A long time ago he was a man with no meaning. He thrived and survived to dodge the pain that he world had inflicted on him. A father who beat him. A brother who abandoned him. And there was nothing, no motivation behind any of it. Before he had rolled up to that damn farm, and he had met her. He thought nothing of it- inexplicably ending up sat with her in the now empty barn staring at where her mama had been and the girl he lost had been too. They didn't speak, not for the first few days, and then a week later he was the first person she spoke to. He tried not to stare at her bandaged wrists, wishing he was brave enough to have taken that initiative years ago. There was no point now, he had suffered long enough for it to be normal.
They taught each other to smile again, and she even clumsily taught him to dance. The farm fell to flames and death. And when they ran he ended up unknowingly keeping an eye on her, fighting the disapproving gaze of her father. But she didn't care. And so how could he possibly?
An unexpected herd wiped most of them out, killed Lori and Herschel some others too. Barely any of them survived, but she had- and for some reason that's the only someone he wanted to survive. She became his reason and his life. His introspective world had been breached, he knew it then. And he knew it at her first kiss. The first time they made love, and every time after. When they found the sanctuary of the village walls they thought they found everything.
And she was beautiful, small frame and that doe-eyed face. She was an angel amongst the death, part of everything yet somehow apart from it all. Her upbringing had sheltered her from men like him, rough and unlovable. But she had found a way, upheld her virtue so he couldn't see it for less value than what it was, what a value she was.
And he had been so fucking naïve to think that he could have her. To have them.
Sometimes his mind couldn't help but go back to those years, the early ones before the tensions began, before it all fell out of place. And he was happy, happy with her. He'd hold her swollen belly and leave small kisses on her neck, before he went hunting. And when he came back she'd be in their kitchen, wearing the gentle powder blue sweater she loved so much and nursing a small mug of tea. If only he had known someone else was watching.

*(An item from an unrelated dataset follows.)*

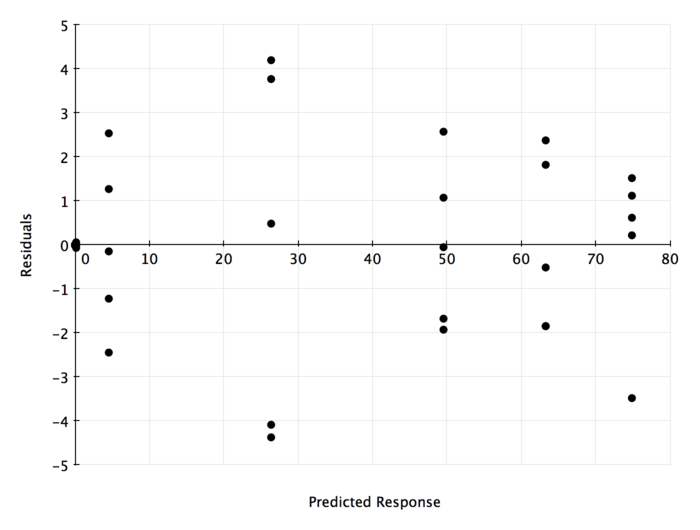 Residual vs Predicted Response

He never saw the man as a threat. Would never have thought that the hospitality shown was going to backfire so completely in his face, but it did. The governor. He was a man with two faces, one for public viewing and the darker real man underneath. He was another man who saw her for what she was, how beautiful she was both inside and out. How could he not, it radiated from her. It didn't take anything for him to make the orders, denounce him in the street as a murderer and have him beaten. Through closing eyes he saw her tearful face, hands clasped round their baby girl as he was dragged out.
They left him west of Arizona. Left for dead. And he didn't care if he died. But the jealousy of living whilst knowing she was too susceptible to him. Would Beth know he hadn't murdered that man? She may doubt it, but what was that- her heart was too good to suspect he had been set up. He'd swoop it, and she'd fall.
Beth Greene was so soft, so young, so lost and oh, so beautiful.
But he'd come back, hadn't stop fighting all these years to battle off his own depression and find safe enough means to travel. Perhaps the isolation he imposed made him mad, or perhaps the smile the man had given him as he was dragged off for dead finally did him in. either way he was here, and he would have revenge.
His eyes opened to the soft morning light under a faded canopy, he rolled over grabbed his hunting knife and woke the boy. It was time to go, it was time to meet Woodberry.